* _Assigned task_: Write every line below out again exactly, images omitted.

Exercise data below:

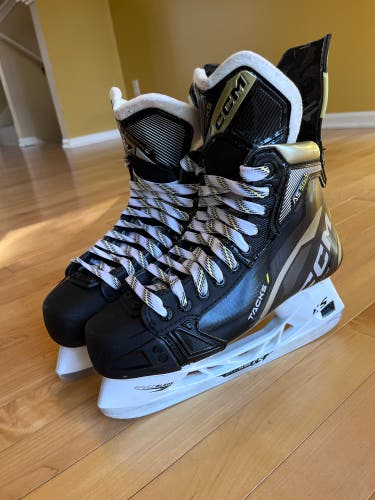 New CCM  7 Tacks AS580 Hockey Skates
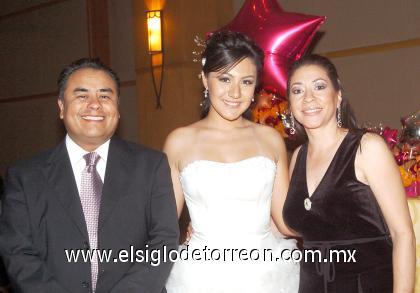 17102006
Miguel Marín y Mónica Ramírez, con la festejada.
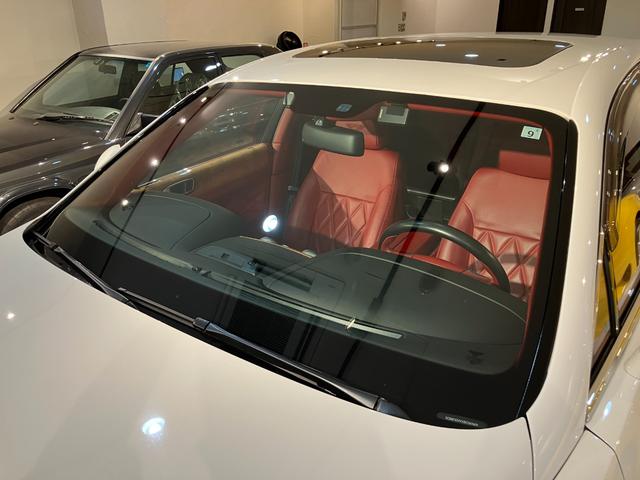 コンチネンタル フライングスパー　スピード　左ハンドル　スピード純正ホイールあり　正規ディーラー車　　ユーザー様直接買取車輌　マリナーＰＫＧ　レッドレザー　オートトランク　ダイヤモンドキルティングシート　３スポークステアリング　サンルーフ（22枚目）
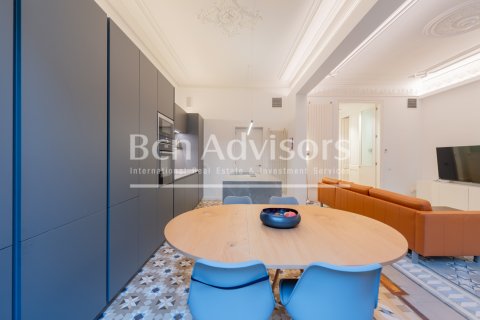 Apartamento de 3 dormitorios en venta en Barcelona, Cataluña, Spain № 2900 - foto 11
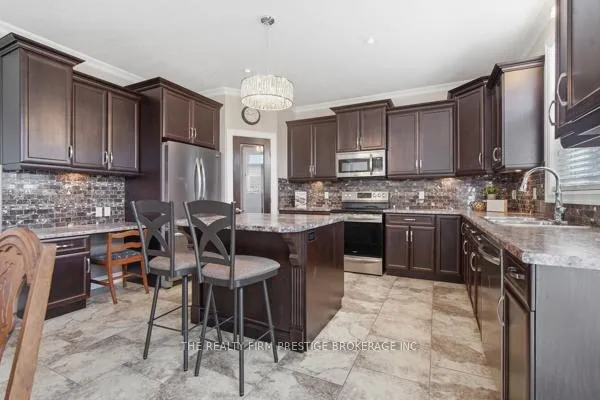 Photo 16 of 38 Veale Crescent, Strathroy-Caradoc, SW — HOMEH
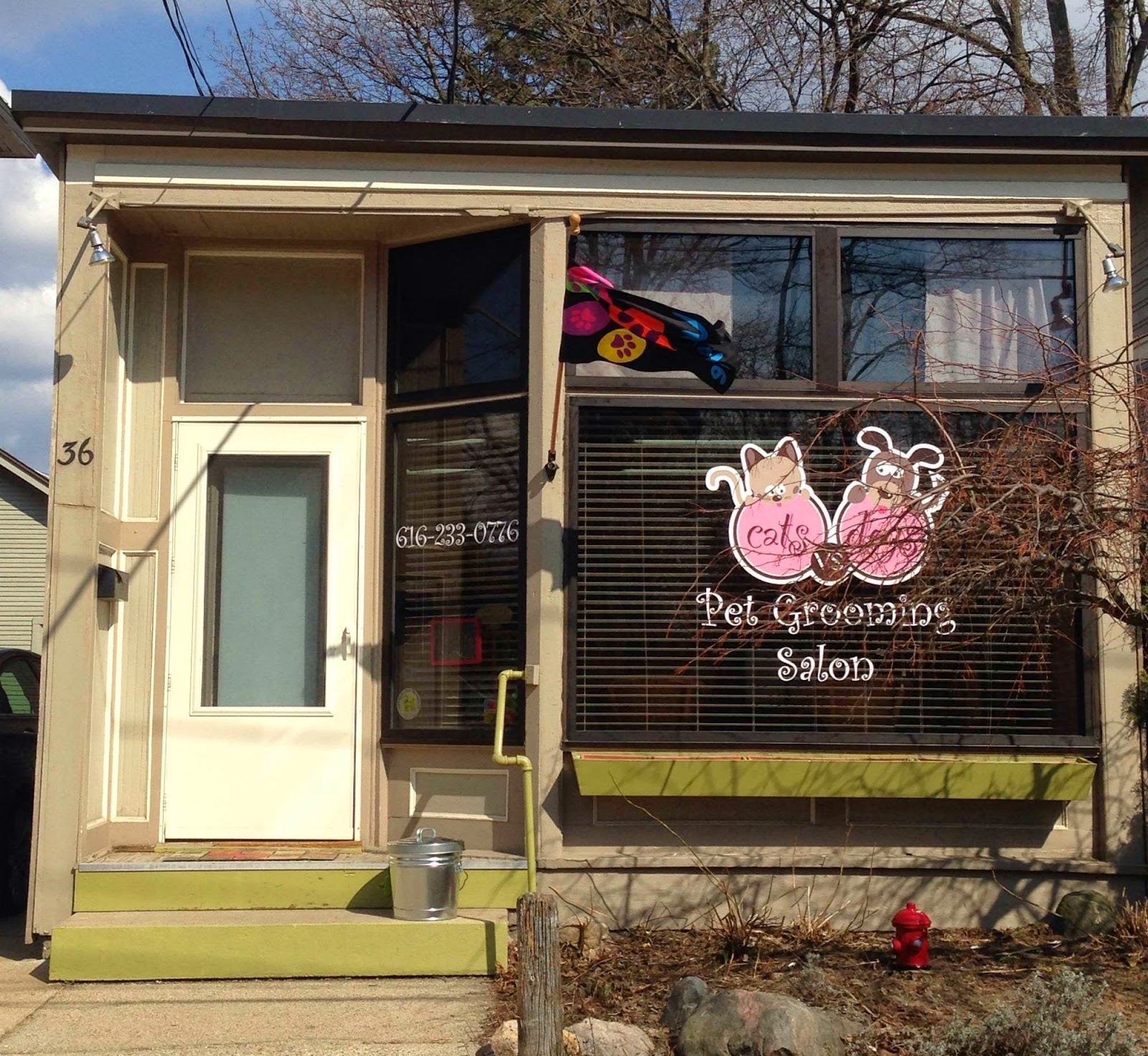Cats Vs. Dogs Pet Grooming Salon in Grand Rapids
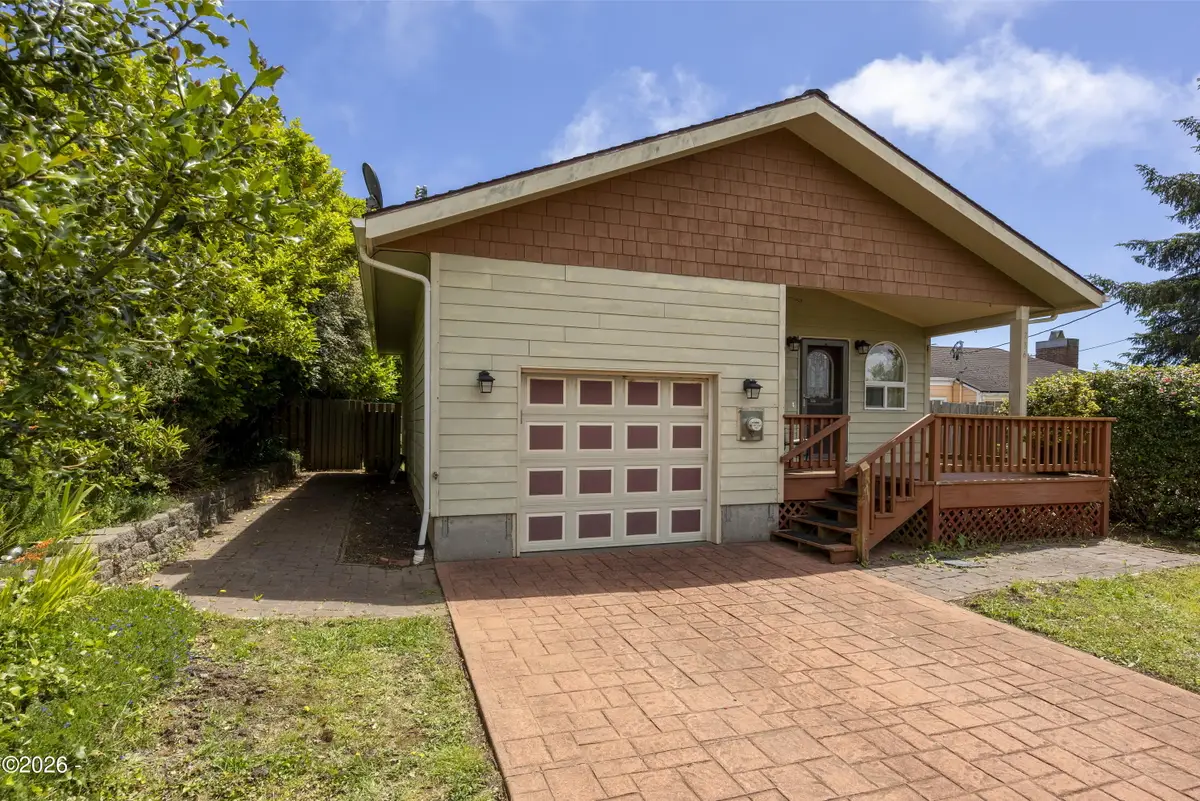 736 NW Lee St, Newport, OR 97365 - #1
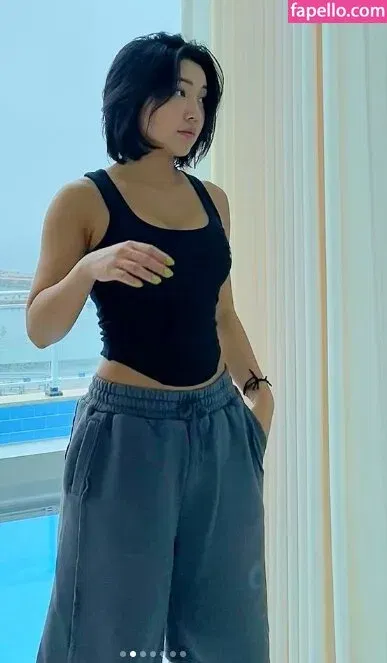 Beo Deul Jeong 정버들 Onlyfans Photo Gallery 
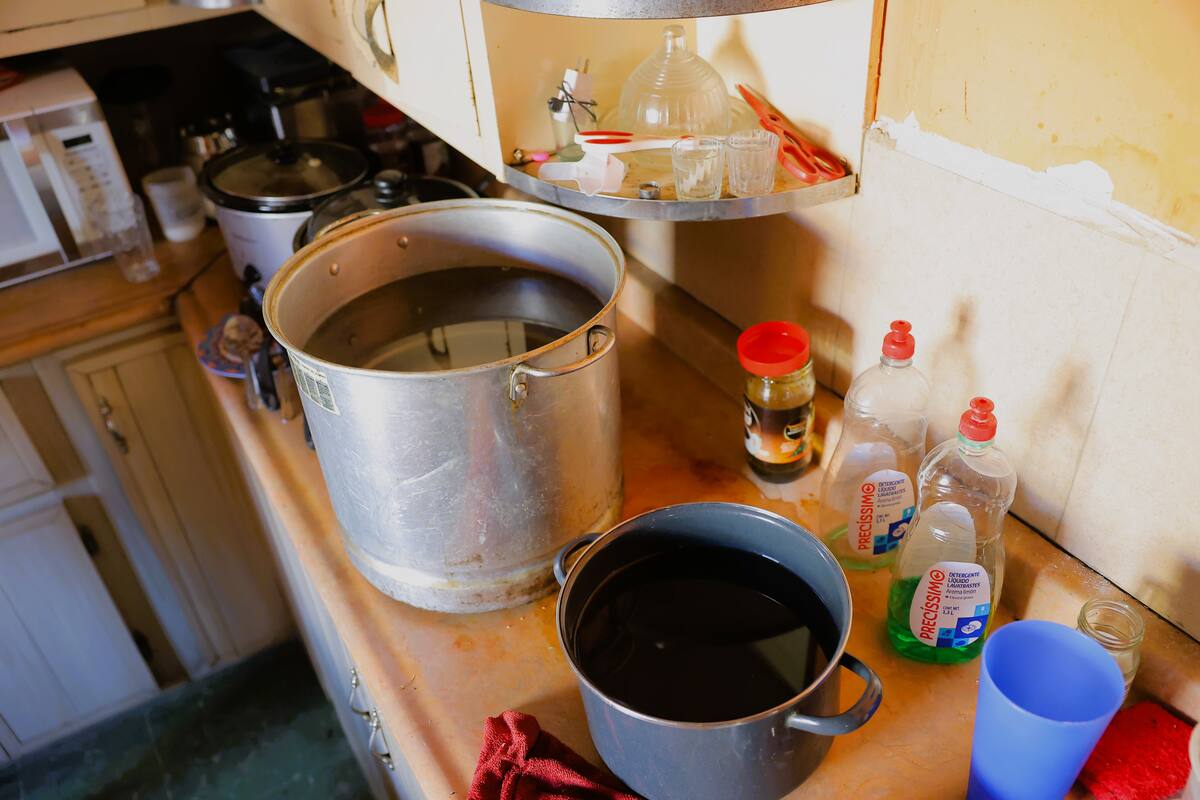 Nereida Galindo, vecina de la colonia Cerro de la campana, muestra cómo almacenan agua en su hogar, ante la baja presión y falta del servicio. FOTO: JULIO CLARK
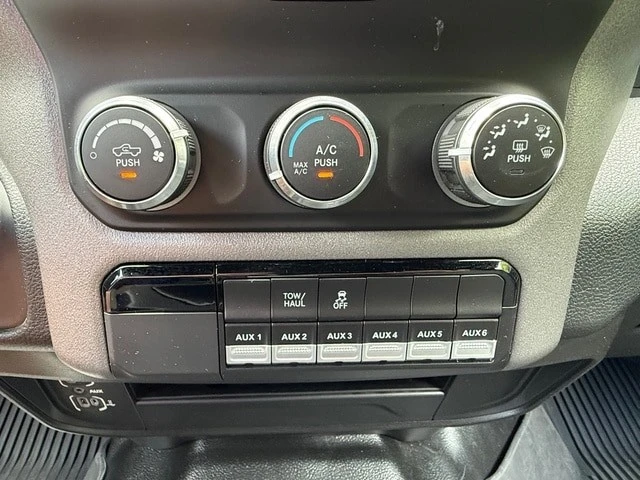 2024 Ram 3500 - Image 21 of 25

End of Exercise data.

* _Result below_:
 New CCM  7 Tacks AS580 Hockey Skates
 17102006
Miguel Marín y Mónica Ramírez, con la festejada.
 コンチネンタル フライングスパー　スピード　左ハンドル　スピード純正ホイールあり　正規ディーラー車　　ユーザー様直接買取車輌　マリナーＰＫＧ　レッドレザー　オートトランク　ダイヤモンドキルティングシート　３スポークステアリング　サンルーフ（22枚目）
 Apartamento de 3 dormitorios en venta en Barcelona, Cataluña, Spain № 2900 - foto 11
 Photo 16 of 38 Veale Crescent, Strathroy-Caradoc, SW — HOMEH
Cats Vs. Dogs Pet Grooming Salon in Grand Rapids
 736 NW Lee St, Newport, OR 97365 - #1
 Beo Deul Jeong 정버들 Onlyfans Photo Gallery 
 Nereida Galindo, vecina de la colonia Cerro de la campana, muestra cómo almacenan agua en su hogar, ante la baja presión y falta del servicio. FOTO: JULIO CLARK
 2024 Ram 3500 - Image 21 of 25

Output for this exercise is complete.